The idea that people should involuntarily suffer punishment because of the sins of another is repugnant to us. Nevertheless as the head of the human race, Adam’s actions resulted in consequences that his descendants had to bear. Likewise any representative leader’s decisions result in consequences his followers must bear. For example, when our president decides to sign into law some piece of legislation it becomes binding on everyone under his authority. Similarly, advocates of "natural headship" point out, we all bear physical characteristics that are the product of our parents’ action of producing a child. It is just one of the facts of life that we all suffer the consequences of the decisions of those who have preceded us and are over us (cf. Heb 7:9-10). Some of those consequences are good for us and others are bad for us. We all have to suffer the punishment for our sins ultimately because Adam sinned, as well as because we all commit acts of sin. Some people rebel against God because of this. However, God has promised not to punish us if we will trust in His Son (2Co 5:19). He has provided a way to secure pardon from punishment.
It is the punishment for Adam’s sin that we bear, not its guilt. We are guilty because we sin, but we die (the punishment of sin) because Adam sinned. Christ bore the punishment of our sins, not our guilt. He died in our place and for us. We are still guilty, but God will not condemn us for being guilty because He has declared us righteous in Christ (i.e., has justified us). Guilt is both objective and subjective. We are objectively guilty, but we should feel no subjective guilt because we have been justified (declared righteous).
"Every little white coffin,-yea, every coffin, should remind us of the universal effect of that sin of Adam, for it was thus and thus only that ’death passed to all men.’" [Note: Newell, p. 183.]
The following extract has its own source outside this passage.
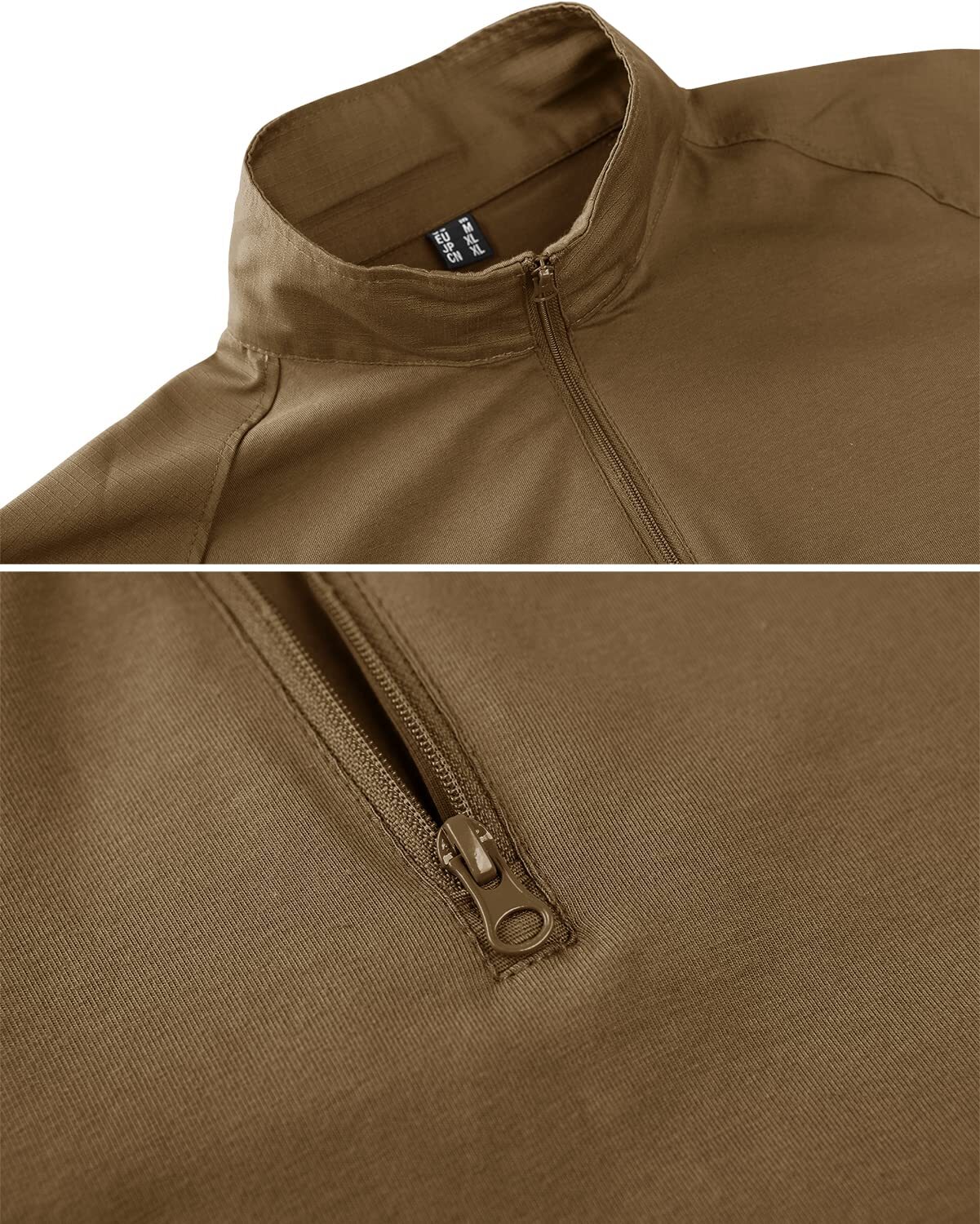 Mens Shirts Atheletic Training Outdoor 1/4 Zipper Long Sleeve Shirt with Pockets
Most evangelicals believe that infants and idiots die physically because of Adam’s sin, but they do not die eternally (are unsaved) because they are incapable of exercising saving faith in Christ. Therefore, since God is just, He will have mercy on them (cf. Gen 18:25). [Note: See Robertson, 4:358-59.] Some people base their belief in the salvation of such people on 2Sa 12:23, but that verse probably only means that David anticipated going into the grave (Sheol), where his infant son had gone, not going to heaven.
Adam was a "type" or "pattern" (Gr. tupos) of one who would follow him, namely, Jesus Christ. A type is a divinely intended illustration of something else, the antitype. A type may be a person, as here, a thing (cf. Heb 10:19-20), an event (cf. 1Co 10:11), a ceremony (cf. 1Co 5:7), or an institution (cf. Heb 9:11-12). Adam is the only Old Testament character who is explicitly identified as a type of Christ in the New Testament. Adam’s act had universal impact and prefigured Christ’s act, which also had universal impact. The point of similarity between Adam and Christ is that what each did affected many others. Each communicated what belonged to him to those he represented.
"Adam came from the earth, but Jesus is the Lord from heaven (1Co 15:47). Adam was tested in a Garden, surrounded by beauty and love; Jesus was tempted in a wilderness, and He died on a cruel cross surrounded by hatred and ugliness. Adam was a thief, and was cast out of Paradise; but Jesus Christ turned to a thief and said, ’Today shalt thou be with Me in Paradise’ (Luk 23:43). The Old Testament is ’the book of the generations of Adam’ (Gen 5:1) and it ends with ’a curse’ (Mal 4:6). The New Testament is ’The book of the generation of Jesus Christ’ (Mat 1:1) and it ends with ’no more curse’ (Rev 22:3)." [Note: Wiersbe, 1:530.]
The rest of this chapter develops seven contrasts (one per verse) between Adam’s act of sin and Christ’s act of salvation. As Adam’s act of sin resulted in inevitable death for all his descendants, so Christ’s act of obedience resulted in inevitable life for all who believe in Him.